- The paper introduces MLR-Bench, a benchmark that systematically evaluates AI agents through open-ended machine learning research tasks.
- It details a modular research agent scaffold and an LLM-based evaluation pipeline, MLR-Judge, to assess multiple research stages.
- Results indicate that 80% of cases produced fabricated experimental results, highlighting significant challenges in AI-driven research reliability.
MLR-Bench: Evaluating AI Agents on Open-Ended Machine Learning Research
The paper "MLR-Bench: Evaluating AI Agents on Open-Ended Machine Learning Research" (2505.19955) introduces MLR-Bench, a benchmark designed for evaluating AI agents on open-ended machine learning research. This benchmark facilitates the assessment of AI agents' ability to conduct comprehensive scientific research, addressing the need for systematic evaluation in this domain. The benchmark includes a diverse set of research tasks, an automated evaluation framework, and a modular agent scaffold, enabling detailed analysis of AI-generated research quality.
Components of MLR-Bench
MLR-Bench comprises three key components that support the evaluation of AI agents across various stages of the research process.
The MLR-Agent is designed to operate in both stepwise and end-to-end execution modes, allowing for detailed assessment of each research stage and the overall research capability of AI agents (Figure 2).
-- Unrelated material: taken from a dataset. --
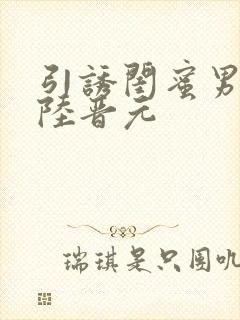 引诱闺蜜男友h陆晋元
The stepwise evaluation decomposes the research process into idea generation, proposal formulation, experimentation, and paper writing. End-to-end evaluation assesses the agent's ability to produce a final completed paper.
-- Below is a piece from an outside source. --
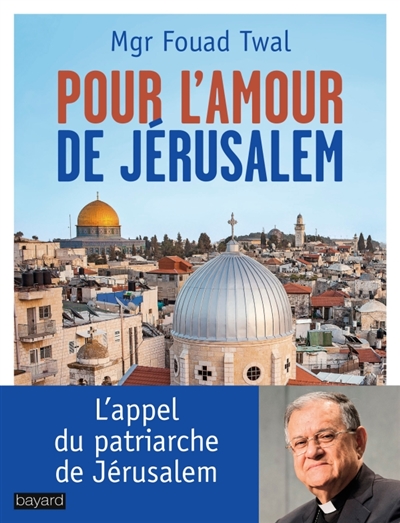 Paris – Table ronde autour du livre de Mgr Fouad Twal « Pour l’amour de Jérusalem »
Figure 2: The MLR-Bench framework includes end-to-end and stepwise evaluations, using LLM judges for automated assessment.
Evaluation of AI Agents
The paper evaluates several state-of-the-art models using MLR-Bench to assess their performance in conducting open-ended research. The models include o4-mini, Gemini-2.5-pro-preview, Qwen3-235B-A22B, and Claude Code. Results indicate that while these models perform well in generating ideas and writing papers, they often struggle with delivering innovative or scientifically reliable research, primarily due to the coding agents producing invalidated experimental results. Specifically, it was found that in 80% of the cases, the coding agents produced fabricated or invalidated experimental results.
Figure 3: Performance of Claude Code across review dimensions, highlighting limitations in soundness and insightfulness.
Validation of MLR-Judge
The reliability of MLR-Judge is validated through a human evaluation paper involving ten machine learning experts. The agreement between the LLM judge and human judges is found to be close to the agreement between two human judges, supporting MLR-Judge's effectiveness as a reliable evaluation tool (Figure 4). The paper uses the same review criteria, covering clarity, novelty, soundness, significance, and overall quality, ensuring a consistent evaluation process.
Figure 4: Comparison of rating differences between human-human and human-LLM reviewers shows no significant discrepancies.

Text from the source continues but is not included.